ONU diz que está na altura de ativar a justiça internacional
"Está na altura de dar lugar à justiça, nós sugerimos o Tribunal Penal Internacional", disse Del Ponte numa conferência de imprensa em Genebra, acrescentando que a comissão não tem poder para isso mas pode fazer pressão.
"Somos capazes de identificar os responsáveis por estes crimes, os que decidem, organizam e planeiam", prosseguiu Carla Del Ponte, referindo-se a uma lista de responsáveis que "é secreta porque cabe aos tribunais abrir inquéritos formais e redigir acusações".
No final do mandato da comissão, em março, essa lista vai ser entregue à Alta Comissária da ONU para os Direitos Humanos, Navanethem Pillay.
O relatório, o segundo da comissão, aponta para uma escalada da violência na Síria e um aumento dos crimes de guerra cometidos tanto pelas forças do regime como pela oposição.
"A profundidade da tragédia síria reflete-se de maneira aguda no número das suas vítimas. As experiências atrozes relatadas pelos sobreviventes dão conta de graves violações dos direitos humanos, crimes de guerra e crimes contra a humanidade", lê-se no relatório, de 131 páginas.
"A dinâmica destruidora da guerra civil não tem apenas efeitos na população civil, como também reduz a nada toda a complexa estrutura social do país, põe em risco as gerações futuras e ameaça a paz e a segurança em toda a região", acrescenta o documento.
A comissão, criada em 2011 pelo Conselho de Direitos Humanos da ONU, nunca foi autorizada a visitar a Síria, onde o regime do presidente Bashar al-Assad trava desde março de 2011 uma guerra civil com forças opositoras, conflito que, segundo a ONU, já fez mais de 70.000 mortos.
Num primeiro relatório, publicado em agosto de 2012, os peritos entrevistaram mais de 1.000 pessoas, entre autores e vítimas, tendo acusado as duas partes em conflito de crimes de guerra.
Neste novo relatório, baseado em quase 450 entrevistas, a comissão indica que a situação se agravou, numa espiral de violência, com ambos os lados a cometerem crimes de guerra, precisando contudo que as forças do regime cometeram mais crimes.
"A situação de direitos humanos na Síria continuou a deteriorar-se", "o conflito tornou-se mais sectário e a condução das operações mais radical e militarizada", afirma o relatório.

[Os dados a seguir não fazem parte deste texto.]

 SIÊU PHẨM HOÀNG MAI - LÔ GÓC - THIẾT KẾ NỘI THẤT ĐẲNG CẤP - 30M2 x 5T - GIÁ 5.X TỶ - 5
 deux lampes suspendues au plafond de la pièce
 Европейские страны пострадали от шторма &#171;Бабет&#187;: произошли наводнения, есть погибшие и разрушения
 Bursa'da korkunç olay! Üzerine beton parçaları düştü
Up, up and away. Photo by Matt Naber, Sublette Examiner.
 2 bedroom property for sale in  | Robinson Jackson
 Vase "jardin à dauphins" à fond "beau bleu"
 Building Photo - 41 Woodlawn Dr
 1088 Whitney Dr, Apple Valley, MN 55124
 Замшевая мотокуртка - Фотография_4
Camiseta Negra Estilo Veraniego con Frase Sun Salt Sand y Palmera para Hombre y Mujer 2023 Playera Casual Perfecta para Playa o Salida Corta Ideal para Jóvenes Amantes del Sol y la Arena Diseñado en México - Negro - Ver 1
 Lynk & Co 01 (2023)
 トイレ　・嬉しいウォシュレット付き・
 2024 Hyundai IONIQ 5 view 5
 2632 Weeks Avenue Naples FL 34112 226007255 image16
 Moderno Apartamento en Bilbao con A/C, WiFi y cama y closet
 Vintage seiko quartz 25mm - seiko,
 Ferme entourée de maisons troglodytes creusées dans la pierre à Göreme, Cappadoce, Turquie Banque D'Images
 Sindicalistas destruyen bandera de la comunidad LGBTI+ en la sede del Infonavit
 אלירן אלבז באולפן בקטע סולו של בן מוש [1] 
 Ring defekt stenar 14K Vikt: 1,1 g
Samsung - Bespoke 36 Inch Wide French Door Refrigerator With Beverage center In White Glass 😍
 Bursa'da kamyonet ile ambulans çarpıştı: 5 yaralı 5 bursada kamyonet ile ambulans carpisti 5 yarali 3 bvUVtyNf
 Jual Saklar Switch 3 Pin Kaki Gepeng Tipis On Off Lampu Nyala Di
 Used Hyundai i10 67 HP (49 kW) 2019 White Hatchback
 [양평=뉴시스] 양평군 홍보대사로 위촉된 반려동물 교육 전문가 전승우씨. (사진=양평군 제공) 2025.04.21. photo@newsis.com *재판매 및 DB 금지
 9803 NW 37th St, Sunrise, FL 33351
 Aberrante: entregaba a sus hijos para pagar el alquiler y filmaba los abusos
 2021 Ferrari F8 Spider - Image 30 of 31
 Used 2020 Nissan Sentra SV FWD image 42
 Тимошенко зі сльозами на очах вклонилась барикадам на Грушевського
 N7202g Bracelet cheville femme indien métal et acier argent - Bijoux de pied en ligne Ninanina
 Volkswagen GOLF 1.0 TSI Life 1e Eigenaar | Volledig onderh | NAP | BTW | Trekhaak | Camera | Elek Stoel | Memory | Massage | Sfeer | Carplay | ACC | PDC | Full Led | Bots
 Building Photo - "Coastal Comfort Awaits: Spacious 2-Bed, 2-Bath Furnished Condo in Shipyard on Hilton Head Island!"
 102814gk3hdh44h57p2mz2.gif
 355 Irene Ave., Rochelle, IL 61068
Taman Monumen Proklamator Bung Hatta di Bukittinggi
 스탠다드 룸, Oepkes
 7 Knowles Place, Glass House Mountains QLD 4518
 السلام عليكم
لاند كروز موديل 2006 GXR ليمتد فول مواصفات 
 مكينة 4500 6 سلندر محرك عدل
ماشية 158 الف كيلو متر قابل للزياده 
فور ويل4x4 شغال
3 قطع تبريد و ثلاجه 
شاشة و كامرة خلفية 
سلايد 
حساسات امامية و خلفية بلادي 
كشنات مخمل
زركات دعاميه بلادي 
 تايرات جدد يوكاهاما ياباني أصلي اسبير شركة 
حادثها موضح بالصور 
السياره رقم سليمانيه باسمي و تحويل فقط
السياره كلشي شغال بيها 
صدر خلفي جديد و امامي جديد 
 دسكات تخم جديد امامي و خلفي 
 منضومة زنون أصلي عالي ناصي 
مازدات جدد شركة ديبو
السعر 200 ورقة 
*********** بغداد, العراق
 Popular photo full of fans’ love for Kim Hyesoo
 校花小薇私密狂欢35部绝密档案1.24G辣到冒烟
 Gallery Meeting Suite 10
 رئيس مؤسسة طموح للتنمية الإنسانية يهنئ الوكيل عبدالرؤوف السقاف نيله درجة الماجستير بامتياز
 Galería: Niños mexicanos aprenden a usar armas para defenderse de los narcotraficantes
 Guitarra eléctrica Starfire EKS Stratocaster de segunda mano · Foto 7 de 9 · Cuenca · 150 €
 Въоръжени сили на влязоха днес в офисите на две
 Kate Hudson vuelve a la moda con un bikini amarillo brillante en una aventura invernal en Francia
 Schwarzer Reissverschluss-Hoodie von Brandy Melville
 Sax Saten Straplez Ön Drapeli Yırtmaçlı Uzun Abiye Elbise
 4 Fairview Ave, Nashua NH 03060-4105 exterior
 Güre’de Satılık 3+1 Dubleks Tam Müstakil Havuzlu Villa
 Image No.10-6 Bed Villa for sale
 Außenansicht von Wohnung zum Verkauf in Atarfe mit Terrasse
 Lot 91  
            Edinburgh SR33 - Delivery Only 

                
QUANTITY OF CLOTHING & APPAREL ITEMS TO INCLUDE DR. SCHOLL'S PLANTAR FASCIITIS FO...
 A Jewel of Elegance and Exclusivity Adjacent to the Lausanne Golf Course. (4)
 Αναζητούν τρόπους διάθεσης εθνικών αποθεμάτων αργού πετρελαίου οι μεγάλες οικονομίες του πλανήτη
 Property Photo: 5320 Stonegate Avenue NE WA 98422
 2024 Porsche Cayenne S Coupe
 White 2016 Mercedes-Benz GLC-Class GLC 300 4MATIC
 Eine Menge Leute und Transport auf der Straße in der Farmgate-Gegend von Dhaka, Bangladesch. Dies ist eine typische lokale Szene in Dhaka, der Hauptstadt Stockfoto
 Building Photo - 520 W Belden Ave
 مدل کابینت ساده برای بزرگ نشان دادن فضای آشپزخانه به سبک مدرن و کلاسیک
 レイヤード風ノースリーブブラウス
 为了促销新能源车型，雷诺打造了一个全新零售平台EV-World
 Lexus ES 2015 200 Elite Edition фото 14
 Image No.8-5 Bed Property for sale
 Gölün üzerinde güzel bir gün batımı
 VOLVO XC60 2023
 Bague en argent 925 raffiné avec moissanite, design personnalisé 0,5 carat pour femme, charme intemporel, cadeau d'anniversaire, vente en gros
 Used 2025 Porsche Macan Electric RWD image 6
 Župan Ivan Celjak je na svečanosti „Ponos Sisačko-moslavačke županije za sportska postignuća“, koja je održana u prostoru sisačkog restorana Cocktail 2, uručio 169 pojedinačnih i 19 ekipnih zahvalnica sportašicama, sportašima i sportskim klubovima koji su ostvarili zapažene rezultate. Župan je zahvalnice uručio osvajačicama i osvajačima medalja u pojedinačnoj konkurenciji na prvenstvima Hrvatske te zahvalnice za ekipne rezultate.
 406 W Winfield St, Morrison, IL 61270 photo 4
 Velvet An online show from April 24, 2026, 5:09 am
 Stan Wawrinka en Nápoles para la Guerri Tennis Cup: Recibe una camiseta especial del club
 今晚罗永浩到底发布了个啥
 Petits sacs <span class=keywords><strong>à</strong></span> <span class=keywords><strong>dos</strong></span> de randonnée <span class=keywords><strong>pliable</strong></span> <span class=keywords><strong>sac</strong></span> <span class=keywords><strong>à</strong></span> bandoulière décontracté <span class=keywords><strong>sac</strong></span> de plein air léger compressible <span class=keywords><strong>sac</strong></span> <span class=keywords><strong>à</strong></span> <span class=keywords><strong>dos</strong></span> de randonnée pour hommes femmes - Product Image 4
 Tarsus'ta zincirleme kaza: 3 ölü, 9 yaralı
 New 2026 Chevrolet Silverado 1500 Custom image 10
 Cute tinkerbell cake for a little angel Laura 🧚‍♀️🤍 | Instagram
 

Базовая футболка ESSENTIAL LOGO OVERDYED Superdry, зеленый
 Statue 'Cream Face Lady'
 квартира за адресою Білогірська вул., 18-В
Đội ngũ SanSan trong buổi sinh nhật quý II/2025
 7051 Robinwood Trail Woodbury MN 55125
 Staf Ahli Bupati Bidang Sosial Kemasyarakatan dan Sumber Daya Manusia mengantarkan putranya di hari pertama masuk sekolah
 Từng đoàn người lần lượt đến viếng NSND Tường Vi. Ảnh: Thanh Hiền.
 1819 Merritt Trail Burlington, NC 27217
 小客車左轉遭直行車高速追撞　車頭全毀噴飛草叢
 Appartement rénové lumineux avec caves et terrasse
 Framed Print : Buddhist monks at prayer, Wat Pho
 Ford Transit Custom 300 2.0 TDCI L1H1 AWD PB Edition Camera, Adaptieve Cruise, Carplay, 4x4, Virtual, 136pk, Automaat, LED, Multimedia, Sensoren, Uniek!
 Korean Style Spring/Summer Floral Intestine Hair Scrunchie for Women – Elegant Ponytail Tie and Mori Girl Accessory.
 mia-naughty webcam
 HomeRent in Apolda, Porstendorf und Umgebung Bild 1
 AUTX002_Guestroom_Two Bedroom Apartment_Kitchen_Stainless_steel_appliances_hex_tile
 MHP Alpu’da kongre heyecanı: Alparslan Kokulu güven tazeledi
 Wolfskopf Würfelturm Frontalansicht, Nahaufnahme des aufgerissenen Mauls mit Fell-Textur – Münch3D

A maioria dos rebeldes que combatem o regime são muçulmanos sunitas, enquanto os detentores do poder e seus apoiantes são membros da comunidade alauita, uma ramificação do Islão xiita.
O documento responsabiliza as forças do regime e milícias suas aliadas por "crimes contra a humanidade, assassínios, torturas, violações (...) desaparecimentos forçados e outros atos desumanos".
Os grupos armados da oposição, lê-se no documento, "cometeram crimes de guerra, incluindo assassínios, atos de tortura, sequestros e ataques a bens protegidos", embora sem "a intensidade nem a escala das cometidas pelas forças governamentais".
"É imperativo encontrar os responsáveis das duas partes por todos os crimes", afirma o relatório.
A comissão constatou, por outro lado, que a oposição armada conseguiu nos últimos meses "substanciais avanços militares" no norte e centro do país.
Apesar de continuar dividida, a oposição "amadureceu e tornou-se uma força capaz de pôr em questão o controlo do Governo sobre o país e de atacar objetivos estratégicos, como explorações petrolíferas e aeroportos".